Challenges and Criticisms
While Heather’s work is widely respected, there are inherent challenges in her field:
- Scepticism & proof: Paranormal investigation is inherently difficult to “prove”. Evading scepticism while maintaining credibility requires careful documentation, transparency about limitations, and an understanding that some phenomena remain unverified.
- Balancing entertainment with integrity: Genre expectations often push for dramatic, sensational content. Heather’s philosophy of authenticity sometimes conflicts with what traditional TV producers might want. This tension is visible in comparisons between earlier shows like Paranormal State and more recent independent or online series.
- Physical and mental toll: Investigations in dark, old, possibly unsafe settings, frequent travel, and dealing with people’s fears take both a physical and emotional toll. Additionally, managing a chronic health condition adds extra strain.
- Audience perception: Those outside the paranormal community may dismiss the work as pseudoscience; inside, there is occasionally criticism of how much content is edited, staged, or selective.
What’s Next: Trends and Future Directions
Based on her trajectory so far, here are areas Heather Taddy is likely to keep exploring:
- Digital / online content: Increased use of YouTube, podcasts, web series, along with more interactive or audience-engaged formats. Travel the Dead is a strong example.
- Cross-phenomena investigations: Going beyond hauntings to investigate UFOs, remote psychic work, cryptids, etc. She has signalled interest in interconnecting these phenomena rather than treating them in isolation.
- Educational and advocacy work: Both regarding paranormal literacy (how people perceive, record, interpret phenomena) and health issues like IC. There is potential for her to write or speak more formally, perhaps via books, lectures or workshops.
- Expanded collaborations: With other paranormal investigators, with scientists or sceptics, possibly with creators from adjacent fields, such as folklore, history, anthropology, or media studies.
Why Heather Taddy Matters
Heather Taddy holds significance not just as a figure in paranormal entertainment, but as someone who helps bridge gaps:
- She provides a voice of reason and authenticity in a field often criticised for sensationalism.

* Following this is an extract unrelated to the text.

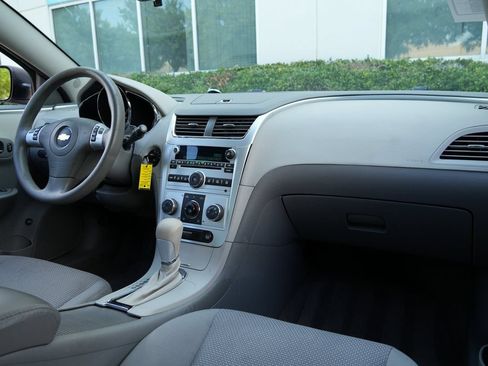 Used 2011 Chevrolet Malibu LS FWD image 7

- She shows that belief, investigation, and respect for local stories can coexist.
- She helps humanise experiences of the supernatural by showing the people behind the stories.
- And by speaking publicly about her health condition, she reminds us that even “celebrity” investigators are real people with real struggles.
Conclusion
Heather Taddy is more than a paranormal investigator. She is a storyteller, documentarian, and innovator who is helping evolve how people think about and engage with the unexplained. From her early days at Penn State to leading her own creative projects, she balances curiosity with empathy, spectacle with substance. Whether one approaches the paranormal with belief, scepticism, or something in between, Heather’s work invites us to listen, question, and explore — not simply in pursuit of fear, but in search of meaning.